Uber Rides Prediction in Machine Learning
Uber rides prediction is a Machine Learning model which predict the uber rides that how much uber rides can do a Uber boy per week based on the different types of features. This model works good with a good accuray (93.47 %). This model trained with a LinearRegression Algorithm with a best accuracy out of other models.
Linear regression is a basic and commonly used type model of predictive analysis. These regression estimates are used to explain the relationship between one dependent variable (Feature) and one or more independent variables (Features).
This model is useful for the safety of the passengers that no uber boy can't do a ride out of limit. If they pickup a passenger out of his limit so company will put a charge on him.

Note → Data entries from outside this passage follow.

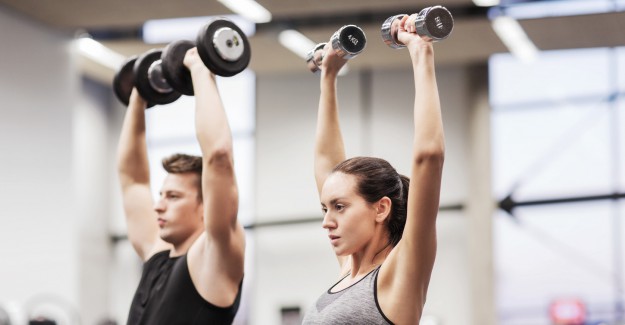 Spor Yaparken En Fazla Yapılan Hatalar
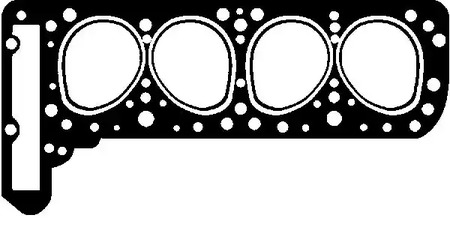 Прокладка гбц GLASER H08224-00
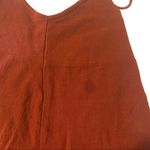 The Bare Road Candy Playsuit in Red NWT Size Small (US 6) Photo 5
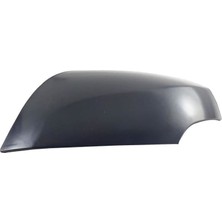 Zetoto Fluence Megane 3 Ayna Kapağı Siyah Sol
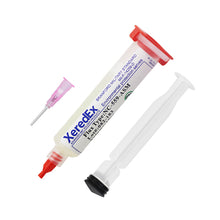 Load image into Gallery viewer, 10cc Solder Flux NC-559-ASM Soldering Paste for Phone LED BGA SMD PGA PCB Repair Rework Tools
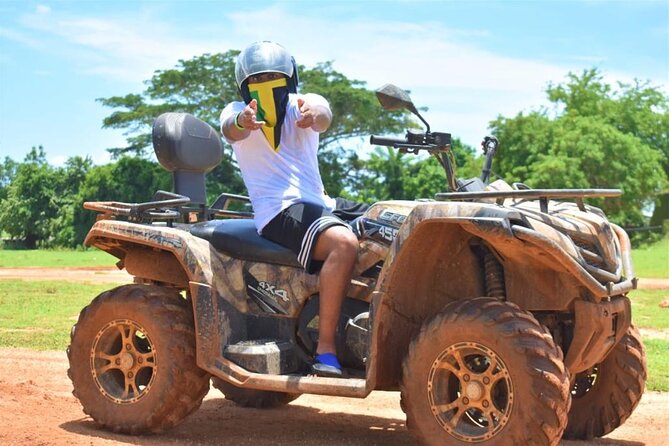 ATV, Zipline, Horseback, Bamboo Rafting and Rick’s Cafe - Key highlights at a glance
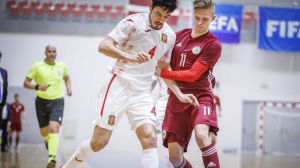 La Selección Española de Fútbol Sala estará en la UEFA Futsal EURO 2022 de Países Bajos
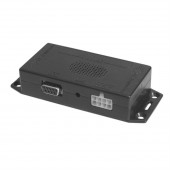 Laserová rušička Laser Interceptor Quad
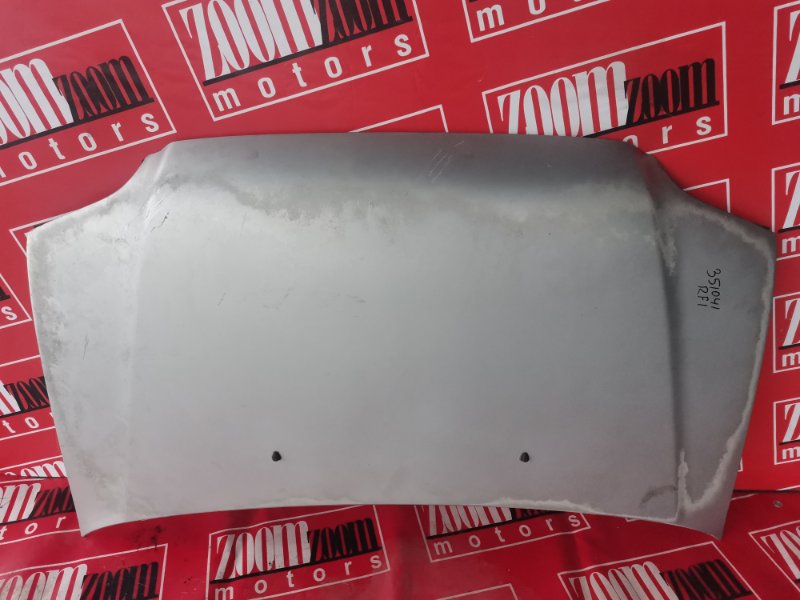 Капот, 2900 рублей, Красноярск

- Define project objectives
- Data Preprocessing (Data Cleaning , Data Preparation , split into train and test , Feature Scaling).
- Model Selection
- Data Collection
- Data Visualization
- Model Building
- Deploy Model
Source code and how to use:
1. Go to my github and download code : Uber rides prediction
2. After download, Extract the folder where you will get a two folders static and templates , one python file, one dataset file, one jupiter notebook file and our pretrained model.
3. Go into the folder.
4. Open the command prompt and go to the project folder with cd command.
5. Write (python app.py) in your prompt.
6. You get a link like this (http://127.0.0.1:5000/).
7. Paste in the Chrome or any browser.
8. Now you can use the model.
If you want to train your own model then you can again run the jupiter notebook and follow all process.